According to Hermes Trismegistus, things below copy things above.
St. Thomas is interested only in Scripture. St. Thomas argues
that
spiritual truths are properly and naturally taught by figures taken
from
corporeal things; these veiled truths are the cause of beneficial
exercise
of the mind (and, therefore, not harmful or dissimulative). He
has
a twofold system of interpretation:
1) The Literal
(wherein the Parabolic
is contained) under which he subsumes
a) The Historical,
b) The Etiological (causes), and
c) The Analogical (comparative) ; and
2) The Spiritual, under which he subsumes
a) The Allegorical
or Typological (prophetic)
b) The Tropological
or Moral,
and
c) The Anagogical (foreshadowing,
prefiguration).
SUMMA THEOLOGICA
(1256-1272):
“The Nature and Domain of Sacred Doctrine”:
NINTH ARTICLE: “Whether Holy Scripture
Should Use Metaphors?: To proceed by the aid of various similitudes and
figures is the proper domain of the poetic science (science being a
true
branch of learning that proceeds by rational principles). To put
forward anything by means of similitudes is to use metaphors.
Scripture
uses metaphors. It befits Holy Scripture to put forward divine
and
spiritual truths by means of comparisons with material things. It
is natural to man to attain to intellectual truths through sensible
things
because all our knowledge originates from sense. Hence, in Holy
Scripture,
spiritual truths are fittingly taught under the likeness of material
things.
Thereby, even the simple that are unable to grasp intellectual things
may
be able to understand. Sacred doctrine makes use of metaphors as
both necessary and useful. The very hiding of truth in figures is
useful for the exercise of thoughtful minds, and as a defense against
the
ridicule of the unbelievers. Divine truths are (by metaphor)
better
hidden from the unworthy.
TENTH ARTICLE: Whether in Holy
Scripture
a Word May Have Several Senses?: Objection 1: In Scripture, a word
cannot
have several senses: 1) Historical or
Literal, 2) Allegorical,
3) Tropological
or Moral, and 4) Anagogical.
Objection 2: St. Augustine says that
the Old Testament has a fourfold
division according to 1) History, 2)
Etiology
(cause), 3) Analogy (comparison), and 4) Allegory. Objection 3:
There
is also the Parabolic (later seen as part of the Literal sense).

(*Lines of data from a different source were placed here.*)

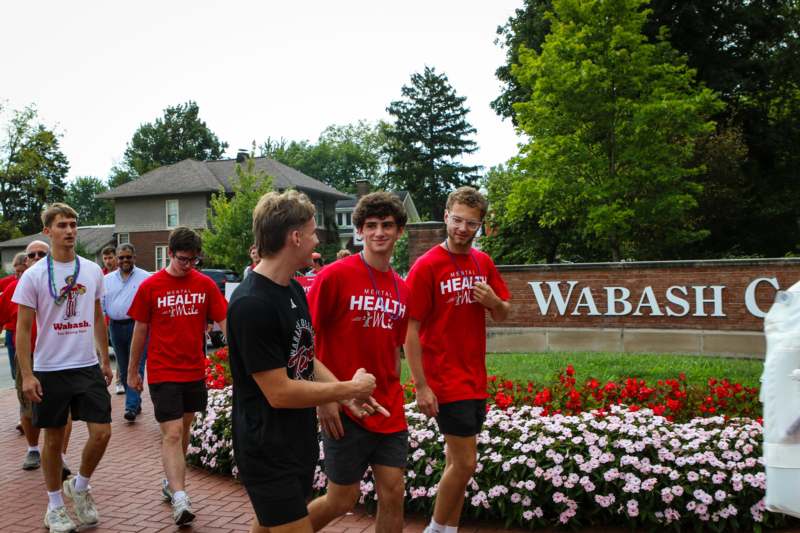 a group of people walking on a brick path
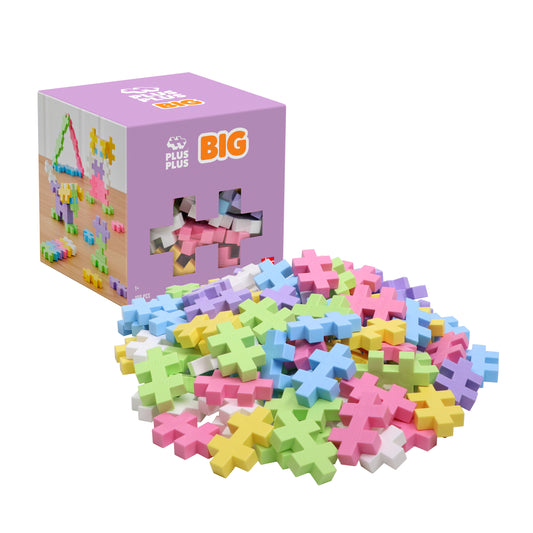 Plus-Plus BIG 100 pc Pastel Mix box with a pile of pastel BIG pieces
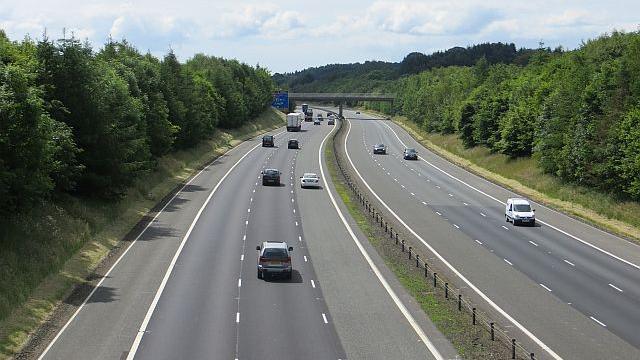 The A74(M) motorway in the south of Scotland with a number of cars and lorries travelling along it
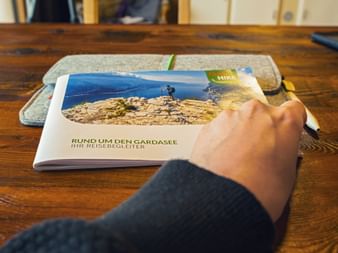 Hand reaching for Lake Garda travel guide on wooden table. The brochure shows a hiker on rocky terrain with blue lake view. A gray felt folder lies behind.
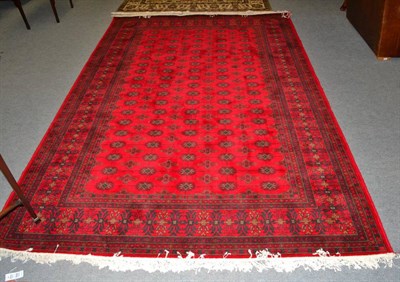 Lot 1217 - A machine made rug of Turkmen design, the crimson field with rows of guls enclosed by multiple...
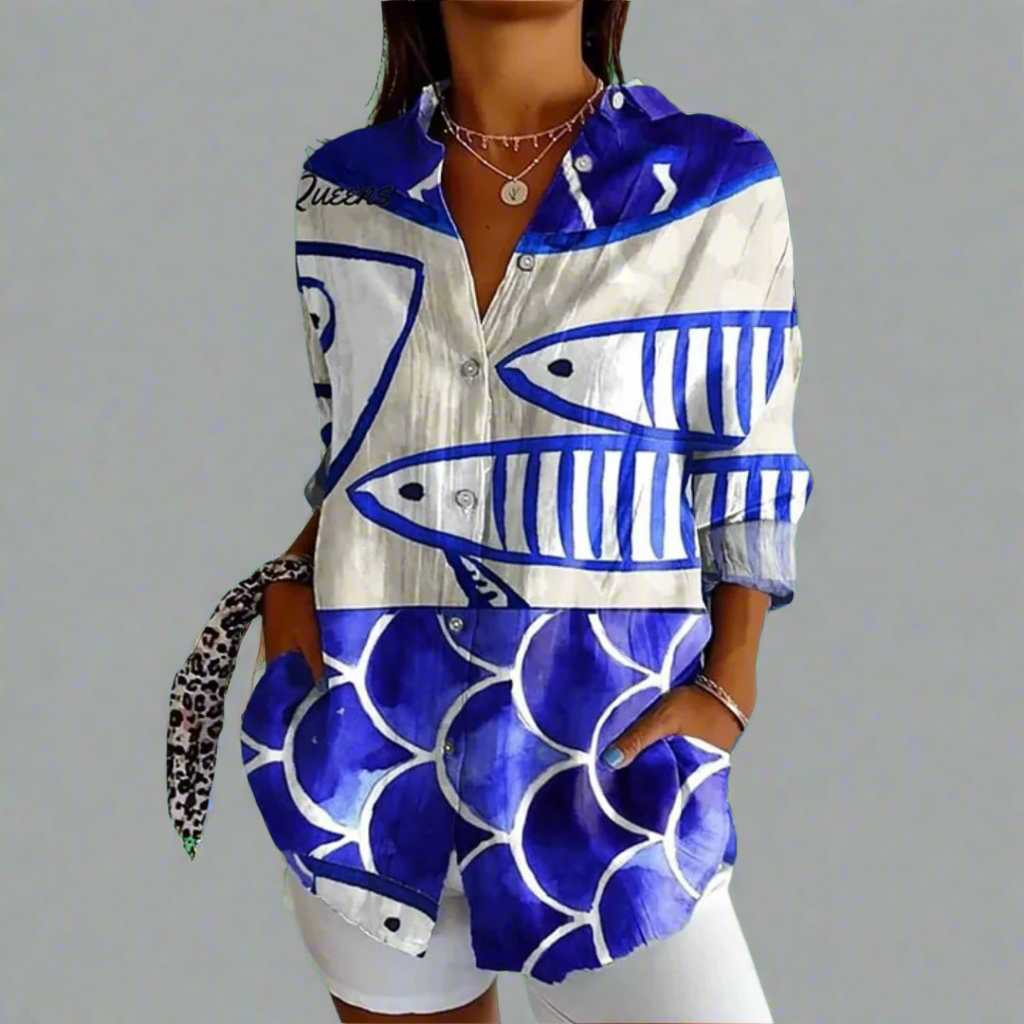 "Elegant kvindebluse i luksuriøst blødt materiale med håndlavede detaljer og klassisk design."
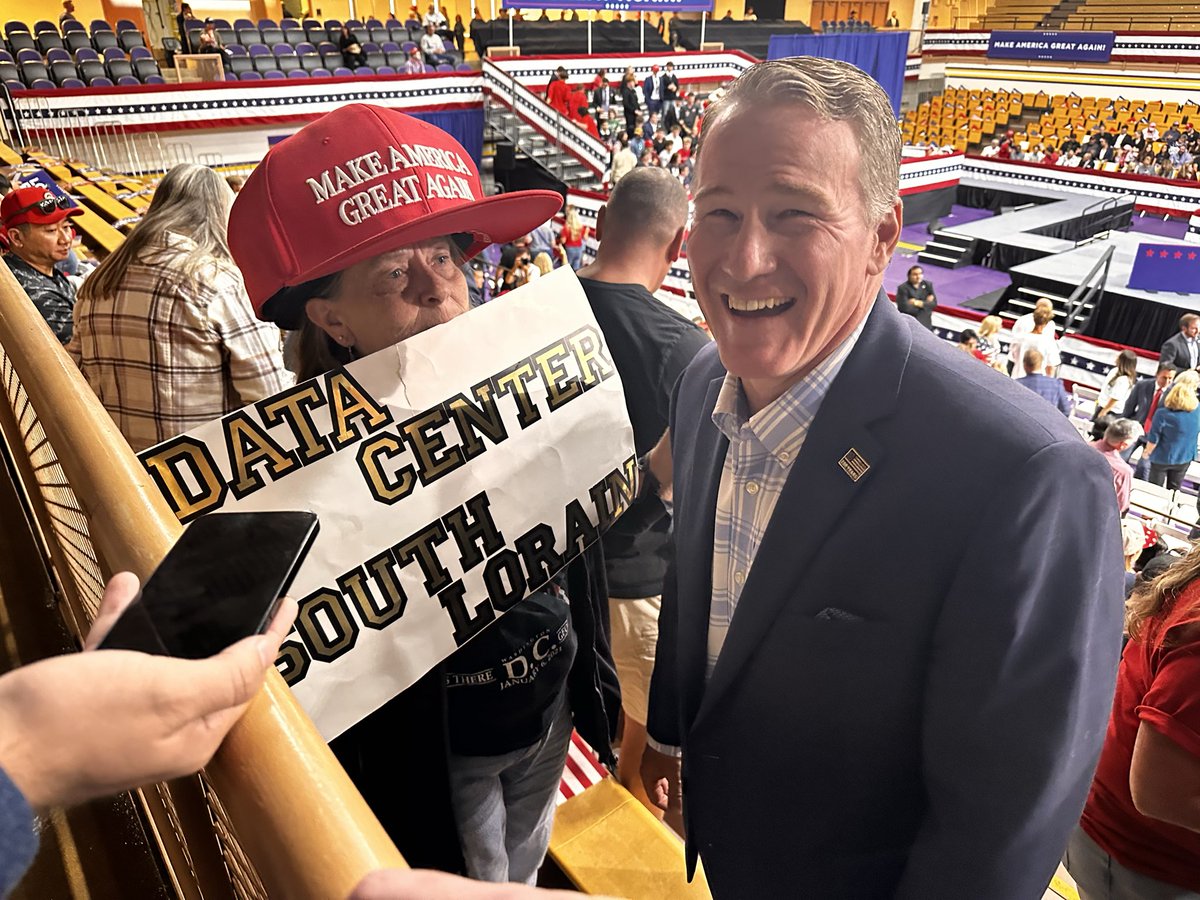 AnnaStaver's tweet photo. Lorain resident Brenda White, who supports data centers, asked for a photo with @SenJonHusted ahead of the #Trump rally. A Husted staffer asked her, “Can we do it without the sign?” She insisted on holding it. https://t.co/gQGNOmIwIY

On the contrary, Gregory says that Scripture describes a fact and
reveals
a mystery simultaneously. Hence, the Holy Scripture was authored
by God to signify His meaning, not by words only but also by things
themselves.
In other sciences, things are signified by words, but in Scripture, the
things signified by the words have themselves also a
signification.
The first signification, whereby words signify things, belongs to the
first
sense, I. The Historical or Literal. That signification whereby
things
signified by words have themselves also a signification is called II.
The
Spiritual sense, which is based on the literal, and presupposes
it.
This Spiritual sense has a threefold division: A. The Allegorical
(Typological
[prophetic]) sense (so far as things of the Old Law signify things of
the
New Law [and hence preserve the Bible’s historical nature]); B. The
Moral
sense (things done in Christ are signs of what we ought to do); and C:
The Anagogical sense (things signify what relates to eternal glory
[foreshadowing]).
Reply Obj. 1: The multiplicity of
these
senses does not produce equivocation, for all the senses are founded on
one, the Literal. Reply Obj. 2: History (what is simply related),
Etiology (when its cause is assigned), and Analogy (whenever the truth
of one text of Scripture is shown not to contradict the truth of
another
[comparisons]) are grouped under the Literal sense. Allegory
alone
stands for the three Spiritual senses. Hugh of St. Victor (a
mystic
philosopher) includes the Anagogical (foreshadowing) under the
Allegorical
sense, hence, having only three senses: the Historical, the
Allegorical,
and the Tropological (Moral). Reply Obj. 3: The Parabolic sense
is
contained in the Literal.
***
DANTE ALIGHIERI
(1265-1321):
Florentine Dante is the author of the Commedia
(an otherworldly epic poem) and De monarchia (a treatise on
the need
for
monarchical rule in secular affairs). He was politically allied
with
the Guelfs, a pro-Pope group
opposed to the Ghibellines, a
pro-emperor
group. He developed a two- actually fourfold scheme of
interpretation
in his letter to the tyrant Can Francesco Grande della Scala, the
Ghibelline
Lord (imperial Vicar) of Verona, and in Il Convivio. The
world in
the Middle Ages was seen as an allegory full of symbolic meaning.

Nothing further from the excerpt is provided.